GE Vernova Formal Verification of Real-time Control Code Research Intern - Summer 2026

Job Description Summary

As a GE Vernova accelerator, GE Vernova Advanced Research is driving strategy and leading research & development efforts to execute on the business’s mission to help power the energy transition. We forge the collaborations and help invent the technologies required to electrify and decarbonize for a zero-carbon future.

Representing virtually every major scientific and engineering discipline, our researchers are collaborating with GE Vernova’s businesses, the U.S. government, and more than 420 entities at the forefront of technology to execute on 150+ energy focused projects. Collectively, these research programs and initiatives aim to solve near term technical challenges, deliver next generation product advances, and drive long term breakthrough innovation to enable more affordable, reliable, sustainable, and secure energy.

Come and join our powerful, unified force with the energy to change the world. Our mission is BIG.

Our TRANSFORMATION is key – bringing the right businesses together to LEAD the ENERGY TRANSITION. Our TEAM is ready.

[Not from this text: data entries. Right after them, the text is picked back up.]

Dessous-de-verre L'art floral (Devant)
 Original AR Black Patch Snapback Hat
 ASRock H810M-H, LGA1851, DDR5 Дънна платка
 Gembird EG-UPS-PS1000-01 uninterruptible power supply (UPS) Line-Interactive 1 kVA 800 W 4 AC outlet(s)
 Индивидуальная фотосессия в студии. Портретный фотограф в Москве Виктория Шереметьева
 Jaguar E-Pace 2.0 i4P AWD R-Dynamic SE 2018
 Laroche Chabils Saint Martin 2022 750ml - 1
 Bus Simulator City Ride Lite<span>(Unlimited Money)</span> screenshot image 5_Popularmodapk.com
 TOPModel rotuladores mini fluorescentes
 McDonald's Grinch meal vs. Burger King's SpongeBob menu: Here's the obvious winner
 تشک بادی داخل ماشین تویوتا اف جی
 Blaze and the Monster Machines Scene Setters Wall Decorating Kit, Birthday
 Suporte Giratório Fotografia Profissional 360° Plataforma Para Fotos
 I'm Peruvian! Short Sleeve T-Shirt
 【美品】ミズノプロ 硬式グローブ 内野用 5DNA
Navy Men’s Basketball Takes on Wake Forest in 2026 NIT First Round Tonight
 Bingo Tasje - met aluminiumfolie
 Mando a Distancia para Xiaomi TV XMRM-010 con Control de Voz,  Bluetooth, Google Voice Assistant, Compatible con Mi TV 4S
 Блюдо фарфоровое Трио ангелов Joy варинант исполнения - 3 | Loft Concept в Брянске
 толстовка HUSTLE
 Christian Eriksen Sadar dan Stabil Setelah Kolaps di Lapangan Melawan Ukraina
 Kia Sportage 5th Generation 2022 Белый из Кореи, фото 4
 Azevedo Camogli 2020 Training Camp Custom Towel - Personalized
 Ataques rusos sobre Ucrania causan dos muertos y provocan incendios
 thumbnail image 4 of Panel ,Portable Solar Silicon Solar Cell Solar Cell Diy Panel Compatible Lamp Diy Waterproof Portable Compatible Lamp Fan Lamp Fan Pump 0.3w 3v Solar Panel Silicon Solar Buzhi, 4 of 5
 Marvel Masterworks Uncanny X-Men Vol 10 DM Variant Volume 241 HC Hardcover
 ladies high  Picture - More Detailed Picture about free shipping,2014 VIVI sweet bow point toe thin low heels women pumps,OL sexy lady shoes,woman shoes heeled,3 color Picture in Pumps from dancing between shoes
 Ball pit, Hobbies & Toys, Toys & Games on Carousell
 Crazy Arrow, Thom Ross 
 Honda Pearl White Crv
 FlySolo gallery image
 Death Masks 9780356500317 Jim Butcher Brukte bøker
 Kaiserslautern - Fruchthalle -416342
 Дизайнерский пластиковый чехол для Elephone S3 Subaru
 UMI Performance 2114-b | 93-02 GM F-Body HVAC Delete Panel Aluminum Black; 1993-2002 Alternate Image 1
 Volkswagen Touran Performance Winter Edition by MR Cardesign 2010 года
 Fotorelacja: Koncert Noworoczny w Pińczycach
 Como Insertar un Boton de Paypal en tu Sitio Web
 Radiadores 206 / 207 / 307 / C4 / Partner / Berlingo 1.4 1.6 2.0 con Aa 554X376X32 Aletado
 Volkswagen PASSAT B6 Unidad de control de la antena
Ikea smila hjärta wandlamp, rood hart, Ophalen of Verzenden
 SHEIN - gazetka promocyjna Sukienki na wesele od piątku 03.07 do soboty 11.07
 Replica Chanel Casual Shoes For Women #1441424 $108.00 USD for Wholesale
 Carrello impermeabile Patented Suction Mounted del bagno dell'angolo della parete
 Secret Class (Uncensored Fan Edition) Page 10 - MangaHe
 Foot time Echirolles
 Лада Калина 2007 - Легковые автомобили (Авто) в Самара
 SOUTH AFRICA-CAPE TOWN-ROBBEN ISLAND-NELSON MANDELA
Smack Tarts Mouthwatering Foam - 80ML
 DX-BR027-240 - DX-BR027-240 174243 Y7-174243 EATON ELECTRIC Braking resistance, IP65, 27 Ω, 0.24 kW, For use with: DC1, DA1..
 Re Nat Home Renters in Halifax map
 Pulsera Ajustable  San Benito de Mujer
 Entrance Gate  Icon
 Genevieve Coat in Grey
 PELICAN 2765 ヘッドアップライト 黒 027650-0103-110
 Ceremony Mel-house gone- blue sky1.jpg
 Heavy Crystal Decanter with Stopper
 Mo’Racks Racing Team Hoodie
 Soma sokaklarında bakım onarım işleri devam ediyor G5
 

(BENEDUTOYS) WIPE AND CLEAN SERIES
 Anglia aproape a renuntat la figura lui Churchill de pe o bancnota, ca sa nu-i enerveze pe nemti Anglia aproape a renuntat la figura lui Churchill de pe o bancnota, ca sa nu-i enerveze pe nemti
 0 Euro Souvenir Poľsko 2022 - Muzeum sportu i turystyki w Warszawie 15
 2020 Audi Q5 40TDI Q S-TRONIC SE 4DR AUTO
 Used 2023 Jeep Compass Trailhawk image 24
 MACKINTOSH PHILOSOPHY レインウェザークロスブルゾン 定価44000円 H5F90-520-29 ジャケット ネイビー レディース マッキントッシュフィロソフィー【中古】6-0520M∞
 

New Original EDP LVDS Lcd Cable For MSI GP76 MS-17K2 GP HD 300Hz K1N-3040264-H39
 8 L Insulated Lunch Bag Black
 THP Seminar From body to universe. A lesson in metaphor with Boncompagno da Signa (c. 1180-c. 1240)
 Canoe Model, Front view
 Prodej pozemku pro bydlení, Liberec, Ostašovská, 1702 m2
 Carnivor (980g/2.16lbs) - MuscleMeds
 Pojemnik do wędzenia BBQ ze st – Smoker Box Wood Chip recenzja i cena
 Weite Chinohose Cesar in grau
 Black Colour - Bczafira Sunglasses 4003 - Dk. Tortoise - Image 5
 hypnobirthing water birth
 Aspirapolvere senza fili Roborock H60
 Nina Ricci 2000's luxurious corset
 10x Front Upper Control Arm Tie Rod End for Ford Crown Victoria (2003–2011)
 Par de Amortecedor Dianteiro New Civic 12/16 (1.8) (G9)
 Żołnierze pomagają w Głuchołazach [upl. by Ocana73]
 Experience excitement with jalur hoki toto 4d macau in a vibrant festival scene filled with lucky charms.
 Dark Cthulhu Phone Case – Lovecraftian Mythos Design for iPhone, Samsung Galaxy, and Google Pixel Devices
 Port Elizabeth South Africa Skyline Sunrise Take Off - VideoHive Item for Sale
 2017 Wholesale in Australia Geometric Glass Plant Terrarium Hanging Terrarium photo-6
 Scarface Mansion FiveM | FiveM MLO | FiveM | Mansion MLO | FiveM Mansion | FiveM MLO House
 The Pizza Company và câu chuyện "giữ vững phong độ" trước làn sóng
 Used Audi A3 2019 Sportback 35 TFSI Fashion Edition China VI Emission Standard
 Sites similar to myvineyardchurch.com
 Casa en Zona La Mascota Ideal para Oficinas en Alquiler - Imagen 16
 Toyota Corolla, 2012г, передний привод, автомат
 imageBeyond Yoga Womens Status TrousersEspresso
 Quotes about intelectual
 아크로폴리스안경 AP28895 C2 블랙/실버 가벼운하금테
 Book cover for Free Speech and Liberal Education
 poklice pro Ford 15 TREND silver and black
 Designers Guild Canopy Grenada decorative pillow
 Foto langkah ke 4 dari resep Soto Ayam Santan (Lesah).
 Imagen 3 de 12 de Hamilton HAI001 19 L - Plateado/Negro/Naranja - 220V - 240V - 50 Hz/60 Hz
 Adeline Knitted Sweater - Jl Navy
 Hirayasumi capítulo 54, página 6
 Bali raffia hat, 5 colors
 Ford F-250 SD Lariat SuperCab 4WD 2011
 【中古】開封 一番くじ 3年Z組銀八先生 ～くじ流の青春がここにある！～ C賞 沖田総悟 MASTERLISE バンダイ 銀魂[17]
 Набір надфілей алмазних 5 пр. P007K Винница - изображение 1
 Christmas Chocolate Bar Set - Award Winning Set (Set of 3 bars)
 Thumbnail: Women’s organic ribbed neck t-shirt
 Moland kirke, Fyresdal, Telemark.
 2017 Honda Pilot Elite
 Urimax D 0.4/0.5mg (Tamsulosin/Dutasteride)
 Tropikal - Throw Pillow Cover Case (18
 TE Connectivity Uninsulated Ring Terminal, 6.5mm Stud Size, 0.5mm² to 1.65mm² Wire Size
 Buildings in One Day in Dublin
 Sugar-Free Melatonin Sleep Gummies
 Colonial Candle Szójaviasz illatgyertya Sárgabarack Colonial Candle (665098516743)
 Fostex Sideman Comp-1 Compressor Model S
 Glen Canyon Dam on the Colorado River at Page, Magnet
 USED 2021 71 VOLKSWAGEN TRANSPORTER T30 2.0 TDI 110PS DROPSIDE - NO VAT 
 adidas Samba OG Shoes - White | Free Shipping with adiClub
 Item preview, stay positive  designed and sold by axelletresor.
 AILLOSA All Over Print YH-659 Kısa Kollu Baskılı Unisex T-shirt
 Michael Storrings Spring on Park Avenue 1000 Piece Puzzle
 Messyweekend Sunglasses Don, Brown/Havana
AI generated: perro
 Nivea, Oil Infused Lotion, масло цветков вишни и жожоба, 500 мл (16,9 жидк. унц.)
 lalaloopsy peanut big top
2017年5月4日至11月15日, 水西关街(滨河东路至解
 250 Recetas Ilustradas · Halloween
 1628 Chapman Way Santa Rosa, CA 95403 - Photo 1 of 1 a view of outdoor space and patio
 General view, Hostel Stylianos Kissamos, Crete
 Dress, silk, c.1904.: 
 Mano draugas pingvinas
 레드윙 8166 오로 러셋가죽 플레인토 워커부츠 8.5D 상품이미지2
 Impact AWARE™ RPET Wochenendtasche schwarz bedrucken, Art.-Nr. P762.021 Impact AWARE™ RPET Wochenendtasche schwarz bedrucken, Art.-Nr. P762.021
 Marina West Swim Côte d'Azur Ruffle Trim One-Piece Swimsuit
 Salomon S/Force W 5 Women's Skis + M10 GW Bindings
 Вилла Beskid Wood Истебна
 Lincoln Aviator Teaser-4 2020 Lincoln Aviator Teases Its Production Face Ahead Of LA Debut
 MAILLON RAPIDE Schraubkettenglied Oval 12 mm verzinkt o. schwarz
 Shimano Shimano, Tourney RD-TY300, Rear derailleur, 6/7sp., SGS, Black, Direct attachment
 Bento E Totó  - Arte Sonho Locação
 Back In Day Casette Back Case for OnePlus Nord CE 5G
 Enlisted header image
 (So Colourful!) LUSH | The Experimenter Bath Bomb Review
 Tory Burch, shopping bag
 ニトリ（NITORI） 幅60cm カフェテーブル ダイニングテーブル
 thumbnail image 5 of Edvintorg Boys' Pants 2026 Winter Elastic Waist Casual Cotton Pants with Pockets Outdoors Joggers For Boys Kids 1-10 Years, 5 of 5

Addressing the climate crisis is an urgent global priority and we take our responsibility seriously. Building on over 130 years of experience tackling the world’s challenges, GE Vernova is uniquely positioned to help lead the energy transition by continuing to electrify the world while simultaneously working to decarbonize it. GE Vernova helps customers power economies and deliver electricity that is vital to health, safety, security, and improved quality of life.

Job Description

Formal verification is a mathematical approach to ensuring the correctness and reliability of software. Formal methods such as model checking, theorem proving, and static analysis, can be used to prove that the code meets its requirements and behaves as expected under all possible operating conditions.

In real-time control systems, the software must respond to inputs and events within strict time bounds, making it critical to ensure that the code is both correct and efficient. Furthermore, control code in critical infrastructure such as power generation systems must meet increasingly high standards for security. Formal verification can be employed to verify and guarantee these system properties.

We are looking for a graduate student with strong background in programming language technology and knowledge of formal methods, to perform research on the application of formal verification techniques to real-time embedded C code. The candidate will apply and possibly extend existing formal verification tools in order to effectively verify properties of interest in the code of selected products.